The band’s settled line-up sees late bass player Jim Rodford’s son Steve remaining on drums, with session man Tom Toomey on bass and the Dane Søren Koch on guitar since 2018.
With Blunstone’s vocals breathy as ever on the slower numbers and the elegantly coiffured Argent still a mad, genial professor on the Hammond, what was not to like about another dose of psychedelia?
But don’t assume this was just a nostalgia fest as The Zombies are still making music, with latest album Different Game dropping just last year and more new writing and recording set for this summer.
They play mostly in the States these days so it was a treat to see them back in Poole for the first time in 10 years for the opening date of their short UK tour.
Introduced by their loud American manager, the uniformly hirsute Zombies strolled into the spotlight, the slight Argent in a battered leather jacket, Blunstone in trademark jacket and scarf, Toomey in a buttoned-up maroon velvet jacket and the portly Rodford in shorts.
We started at the very beginning of their recording career 60 years ago, with It’s Alright With Me, followed by three tracks from 1965 debut album Begin Here – the regular live number, George Gershwin’s Summertime, I Want You Back Again and Sticks & Stones.
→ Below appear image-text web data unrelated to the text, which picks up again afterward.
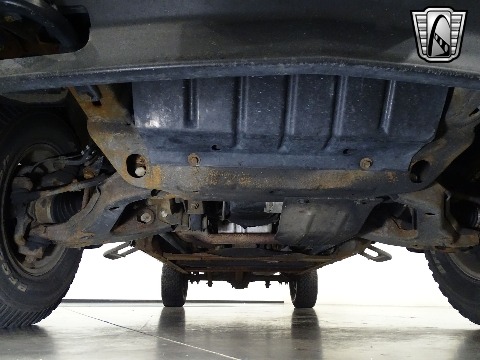 1998 Chevrolet Silverado image 134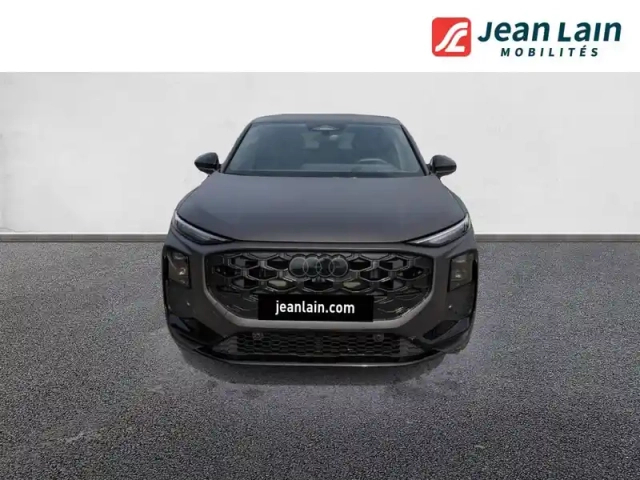 Audi Q3 sportback e-hybrid 272 ch s tronic 6 — photo 2
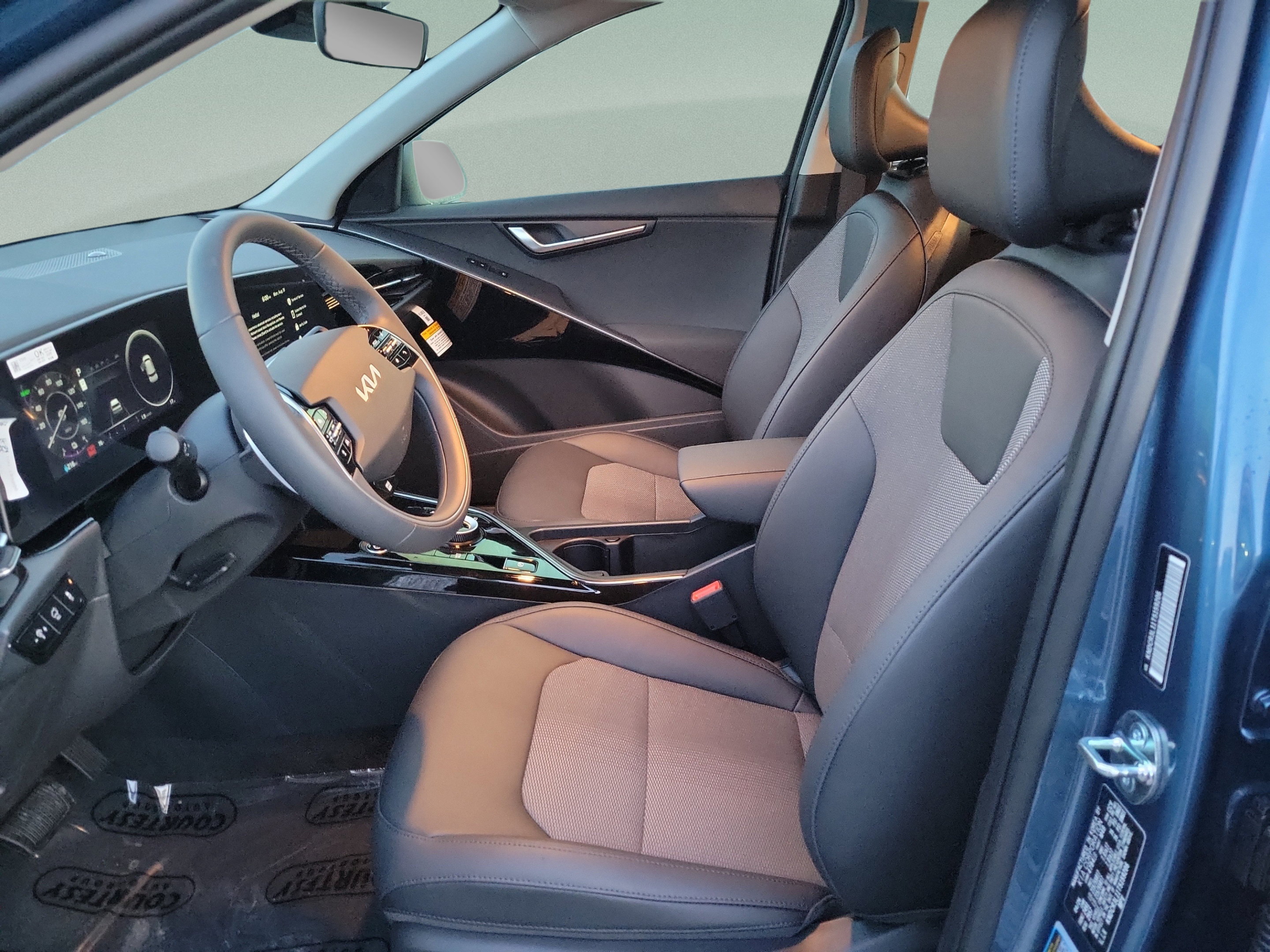 New 2026 Kia Niro Wind FWD image 18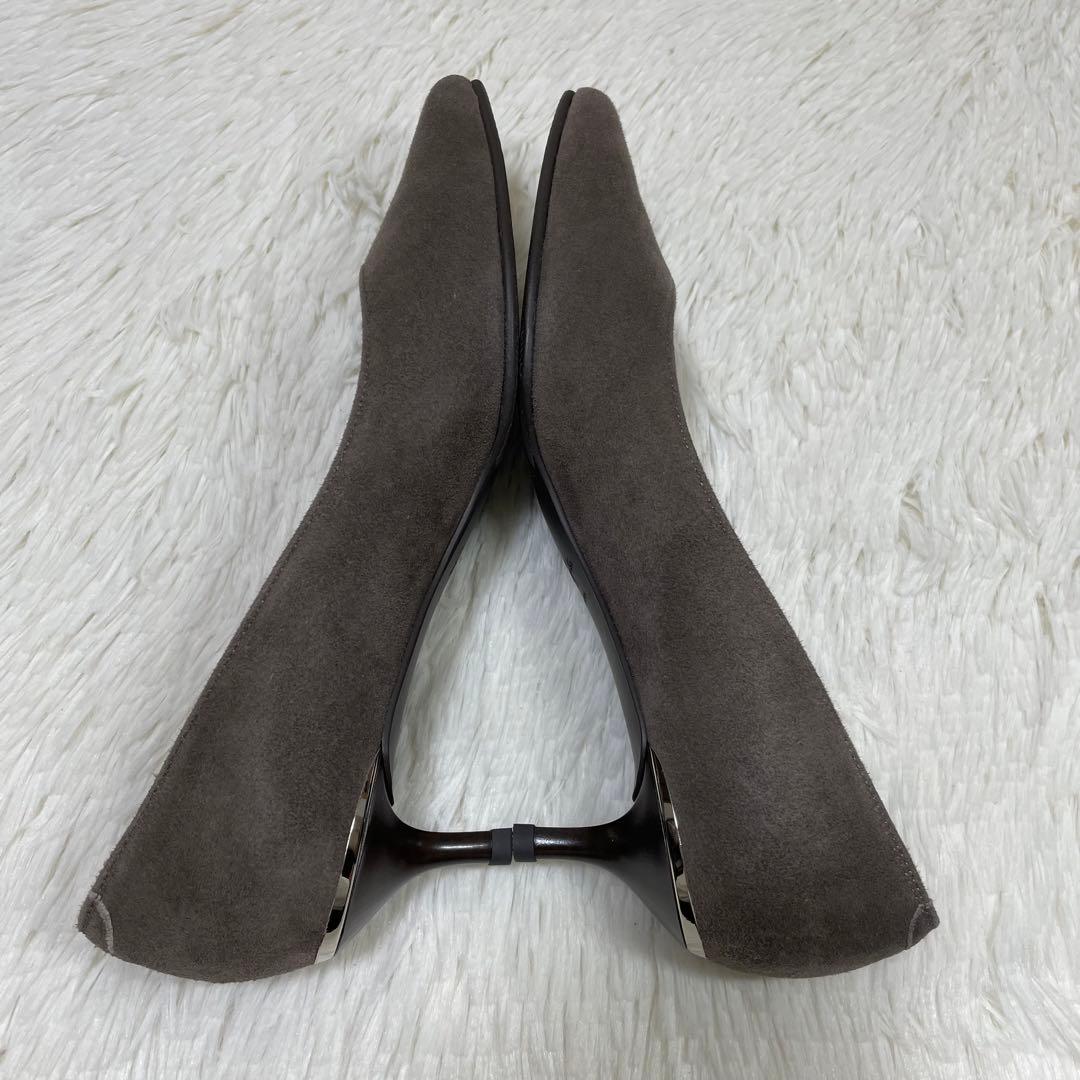 新品未使用品✨定価2.4万　銀座かねまつ　パンプス　スエード　グレー　23.5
Argent, often peering at the audience like a little bird from behind his keyboards, then introduced I Love You, the composition by former bassist Chris White which was a big hit for the band People! in the USA.
New songs Different Game, which briefly sounded vaguely like A Whiter Shade Of Pale, and You Could Be My Love preceded Tell Her No, the Sam Cooke cover You’ve Really Got A Hold On Me/Bring It On Home To Me and last year’s single Dropped Reeling & Stupid.
By then they’d done 10 songs in about half an hour, but things slowed a little with four songs from the venerable 1968 album Odyssey & Oracle – Care of Cell 44, This Will Be Our Year, A Rose For Emily and, of course, Time Of The Season.
They managed to slot in another new song, Merry-Go-Round, before the epic finale of a 10-minute Hold Your Head Up which morphed into snatches of various tunes and the almost proggy solos kicked in. A standing ovation ensued.
A stirring rendition of She’s Not There completed proceedings for the band with just Argent and Blunstone remaining for the gentle oldie The Way I Feel Inside and the old pals exited stage left to great acclaim.
Support came from Americana harmony trio The Wandering Hearts, returning to Lighthouse after a sold-out headlining show in 2021.
Promoting their recently released third album Mother, the British threesome of Tara Wilcox, AJ Dean and Francesca ‘Chess’ Whiffin blend country, folk and pop into catchy, heartfelt tunes.
Maybe comparable to, say, First Aid Kit or the long-lost Civil Wars, the London-based threesome have been slowly gathering plaudits since forming back in 2015.
Their harmonies were nigh on perfect, their merging of Scarborough Fair and The Sound Of Silence a revelation and the highlight of an all-too-brief 25-minute set being their own song Letter To Myself.